Hegel escreveu uma Vida de Jesus, que foi publicada só depois de sua morte. A visão aí apresentada sobre Jesus é típica do Iluminismo. 

Hegel, nos anos de estudo em Tubinga, criticava o que ele considerava ser o “formalismo” kantiano. Via na filosofia prática de Kant uma importância excessiva dada à lei em detrimento das motivações sensíveis e estéticas. Hegel queria instaurar uma “religião popular”, em que houvesse convergência entre experiência subjetiva e comunidade ética. Ele via o cristianismo de sua época como estéril, como uma religião meramente “positiva”, isto é, referendada pelas leis e tradições, objetivada em normas e dogmas, mas incapaz de calar dentro dos indivíduos e os mover para a liberdade. A liberdade, para Hegel, era algo entre a espontaneidade individual e a vida ética em comum. Livre é um povo cujos membros praticam espontaneamente - isto é, motivados por si mesmos, razão e sensibilidade unidas - o que convém a cada um e a todos em conjunto.

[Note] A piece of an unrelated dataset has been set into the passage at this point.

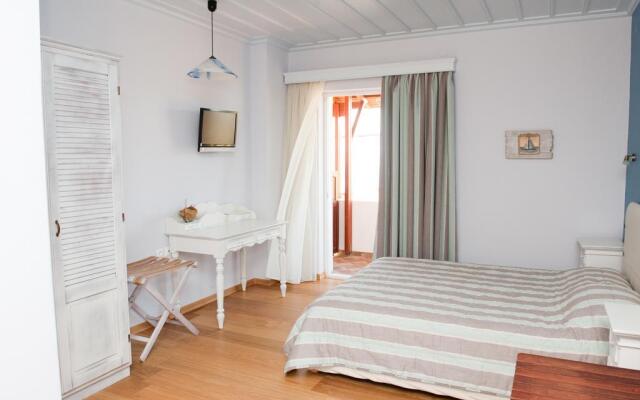 Zorbas Apartments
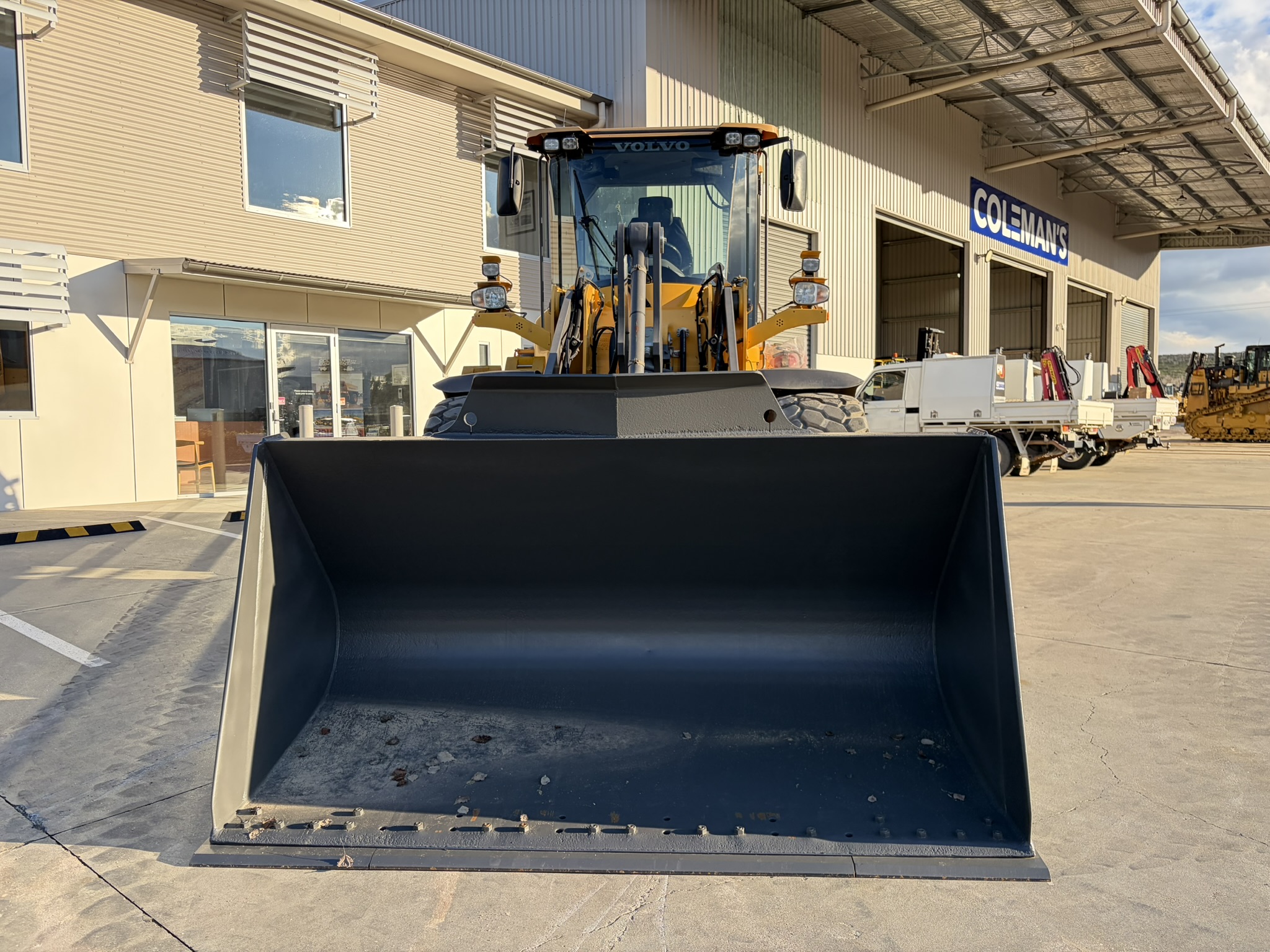 Volvo L90F Wheel Loader image 2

Depois de Tubinga, Hegel aproximou-se mais da forma kantiana de pensar a liberdade. Ele viu que Kant propugnava justamente que o indivíduo pudesse dar a si mesmo a lei moral, sem se submeter a algo de externo. Tal lei era a lei da razão prática, lei da liberdade, sintetizada no imperativo categórico — “age de tal forma que a máxima de tua ação possa valer como legislação universal”. O encontro entre os vários indivíduos que dão a si mesmos a lei da razão só poderia construir aquela convergência endereçada ao “Reino de Deus” sobre a terra, pois que, sendo racional, a lei de cada indivíduo é a mesma lei em todos os seres racionais. 

Jesus, segundo Hegel, queria libertar os judeus do peso da religião positiva. O judaísmo se tinha tornado um culto à lei positiva, um fardo insuportável. Jesus pregava, ao invés, a religião da lei moral racional, interior, que cada um deve descobrir em si e dar a si mesmo, a lei da liberdade - na verdade, um kantismo “avant la lettre”. Sócrates, na Grécia, tinha propósitos similares. 

Entretanto, para sacudir o status quo e libertar os judeus do apego à lei positiva, Jesus teve de reclamar autoridade para si. Esse teria sido o início da caída do cristianismo nas malhas da religião positiva que Jesus queria combater. Os discípulos apegaram-se à autoridade de Jesus, em vez de reconhecer a liberdade que ele pregava. Sócrates, à diferença de Jesus, apelava somente à razão, e seus discípulos não o cultuaram, mas aprenderam com ele a ouvir só a razão que lhes falava no interior.

Essa interpretação dada ao papel de Jesus na história da humanidade ainda tem influenciado o pensamento de muitos. Ela apresenta um Jesus contrário à religião instituída. As pesquisas históricas mais recentes, porém, convergem em dizer que Jesus era um “Jesus halákico”, isto é, plenamente inserido na religião de seu tempo como um mestre de interpretação da lei mosaica.